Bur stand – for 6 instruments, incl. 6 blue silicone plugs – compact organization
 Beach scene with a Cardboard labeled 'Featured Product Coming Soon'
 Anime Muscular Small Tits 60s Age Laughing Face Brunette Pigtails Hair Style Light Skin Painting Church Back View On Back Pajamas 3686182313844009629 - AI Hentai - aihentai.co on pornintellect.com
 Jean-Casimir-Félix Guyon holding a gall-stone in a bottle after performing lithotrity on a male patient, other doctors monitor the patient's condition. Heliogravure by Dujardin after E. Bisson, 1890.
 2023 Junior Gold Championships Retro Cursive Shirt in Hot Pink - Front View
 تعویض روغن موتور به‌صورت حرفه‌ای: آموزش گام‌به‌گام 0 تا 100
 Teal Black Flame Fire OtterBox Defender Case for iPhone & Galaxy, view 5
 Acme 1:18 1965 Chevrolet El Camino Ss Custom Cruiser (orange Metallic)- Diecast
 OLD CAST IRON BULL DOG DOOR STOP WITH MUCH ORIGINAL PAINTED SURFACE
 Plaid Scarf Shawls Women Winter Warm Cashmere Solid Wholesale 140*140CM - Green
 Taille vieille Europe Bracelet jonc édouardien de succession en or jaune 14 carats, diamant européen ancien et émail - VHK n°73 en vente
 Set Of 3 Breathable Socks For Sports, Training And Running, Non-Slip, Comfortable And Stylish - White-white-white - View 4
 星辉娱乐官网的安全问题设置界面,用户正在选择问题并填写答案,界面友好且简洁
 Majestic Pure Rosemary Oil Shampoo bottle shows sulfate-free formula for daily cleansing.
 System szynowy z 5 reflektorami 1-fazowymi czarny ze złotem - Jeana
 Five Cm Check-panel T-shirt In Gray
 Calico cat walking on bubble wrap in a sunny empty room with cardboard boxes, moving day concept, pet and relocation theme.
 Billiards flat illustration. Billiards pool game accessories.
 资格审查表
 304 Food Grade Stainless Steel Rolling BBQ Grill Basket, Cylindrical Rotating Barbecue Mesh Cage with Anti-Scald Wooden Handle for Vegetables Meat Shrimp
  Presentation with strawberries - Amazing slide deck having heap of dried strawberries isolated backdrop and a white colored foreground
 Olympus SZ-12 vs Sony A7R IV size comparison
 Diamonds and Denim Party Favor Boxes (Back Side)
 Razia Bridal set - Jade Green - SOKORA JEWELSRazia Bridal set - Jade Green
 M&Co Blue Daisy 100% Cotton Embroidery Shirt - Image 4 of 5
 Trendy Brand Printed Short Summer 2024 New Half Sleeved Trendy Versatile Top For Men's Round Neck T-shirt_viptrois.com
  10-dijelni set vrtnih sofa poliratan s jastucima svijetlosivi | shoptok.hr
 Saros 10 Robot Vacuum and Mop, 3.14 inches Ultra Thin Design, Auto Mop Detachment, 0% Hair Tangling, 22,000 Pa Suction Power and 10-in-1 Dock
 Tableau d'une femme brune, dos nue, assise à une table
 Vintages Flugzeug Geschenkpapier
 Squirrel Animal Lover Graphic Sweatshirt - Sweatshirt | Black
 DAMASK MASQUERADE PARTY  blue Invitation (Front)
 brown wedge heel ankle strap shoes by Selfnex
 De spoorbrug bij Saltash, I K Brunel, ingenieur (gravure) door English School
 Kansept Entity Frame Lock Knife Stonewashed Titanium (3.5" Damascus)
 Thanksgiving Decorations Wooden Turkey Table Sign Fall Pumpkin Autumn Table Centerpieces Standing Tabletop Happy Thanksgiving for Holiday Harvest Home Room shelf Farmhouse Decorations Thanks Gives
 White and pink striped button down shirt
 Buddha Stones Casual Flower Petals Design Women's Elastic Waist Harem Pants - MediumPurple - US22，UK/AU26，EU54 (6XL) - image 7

* * *

**Work required:**
How many lines of the entries above contain the word "Design"? Give the number alone.

**Exercise solution:**
2